La guerra civil española no surgió de la nada; la precedió un asfixiante clima social compuesto de durísimos enfrentamientos políticos, soflamas incendiarias esparcidas en los medios de comunicación, y "acciones directas" sin escrúpulos, incluyendo ataques con bomba o pistola en mano a sedes de sindicatos y partidos e incluso magnicidios como el de Calvo Sotelo.
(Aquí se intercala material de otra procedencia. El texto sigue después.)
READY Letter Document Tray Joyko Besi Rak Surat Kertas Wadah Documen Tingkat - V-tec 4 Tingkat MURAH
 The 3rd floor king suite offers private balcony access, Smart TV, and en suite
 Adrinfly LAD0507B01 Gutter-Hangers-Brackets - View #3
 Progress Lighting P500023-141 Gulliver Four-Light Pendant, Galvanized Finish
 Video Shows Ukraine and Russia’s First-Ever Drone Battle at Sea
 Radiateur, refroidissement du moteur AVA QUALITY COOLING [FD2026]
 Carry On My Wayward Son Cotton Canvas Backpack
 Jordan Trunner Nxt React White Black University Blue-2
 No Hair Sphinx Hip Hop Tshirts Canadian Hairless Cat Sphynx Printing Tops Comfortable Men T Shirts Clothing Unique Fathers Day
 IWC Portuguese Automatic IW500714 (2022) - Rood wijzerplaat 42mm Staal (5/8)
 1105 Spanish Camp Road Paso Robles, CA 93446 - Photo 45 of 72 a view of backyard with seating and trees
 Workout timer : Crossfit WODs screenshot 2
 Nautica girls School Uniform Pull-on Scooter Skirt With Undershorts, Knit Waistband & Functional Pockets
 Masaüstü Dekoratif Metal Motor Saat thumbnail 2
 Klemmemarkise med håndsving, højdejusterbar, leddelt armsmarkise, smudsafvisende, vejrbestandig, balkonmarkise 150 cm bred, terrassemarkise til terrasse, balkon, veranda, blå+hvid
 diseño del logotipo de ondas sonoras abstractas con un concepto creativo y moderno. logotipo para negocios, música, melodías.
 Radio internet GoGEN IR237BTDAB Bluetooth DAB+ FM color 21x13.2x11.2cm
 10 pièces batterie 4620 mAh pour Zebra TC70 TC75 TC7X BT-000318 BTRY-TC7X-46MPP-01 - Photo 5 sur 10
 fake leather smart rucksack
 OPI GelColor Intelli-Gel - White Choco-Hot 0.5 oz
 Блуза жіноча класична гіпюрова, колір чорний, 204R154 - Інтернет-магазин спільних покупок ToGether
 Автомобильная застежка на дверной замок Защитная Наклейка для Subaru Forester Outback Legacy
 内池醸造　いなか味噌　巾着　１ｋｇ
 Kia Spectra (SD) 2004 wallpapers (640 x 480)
El proyectado asesinato de Pedro Sánchez, aunque sea el enloquecido plan de un individuo aislado, puede considerarse como la culminación simbólica de toda una tendencia: la que practica y difunde una actitud de odio acerbo al contrincante ideológico a través de todos los medios a su alcance y, de un modo particularmente virulento hoy en día, en las redes sociales. En ellas se insulta y se desprecia sin rubor alguno a las personas con las que se discrepa; se falsifican o tergiversan descaradamente los hechos para denigrar al adversario y, amparados por la invisibilidad de los rostros y a menudo por el uso de seudónimos y perfiles falsos, se excitan los ánimos de los correligionarios utilizando todo tipo de venablos verbales, caldeando así la crispación política. Un ambiente como este sirve de fermento de conductas violentas en mentes febriles y dispuestas a hacer lo que sea para materializar el deseo que tanto se prodiga en su entorno virtual: deshacerse del oponente de una forma u otra.

En un país como el nuestro, que ha conocido aquella atroz guerra seguida de una larga dictadura y una tensa transición, deberíamos haber aprendido ya para siempre que el odio solo conduce a la destrucción y a la muerte, y que el respeto, el diálogo y la argumentación racional son, sobre todo en política, indispensables para una convivencia y una paz que, se supone, deseamos para nosotros y para nuestros descendientes.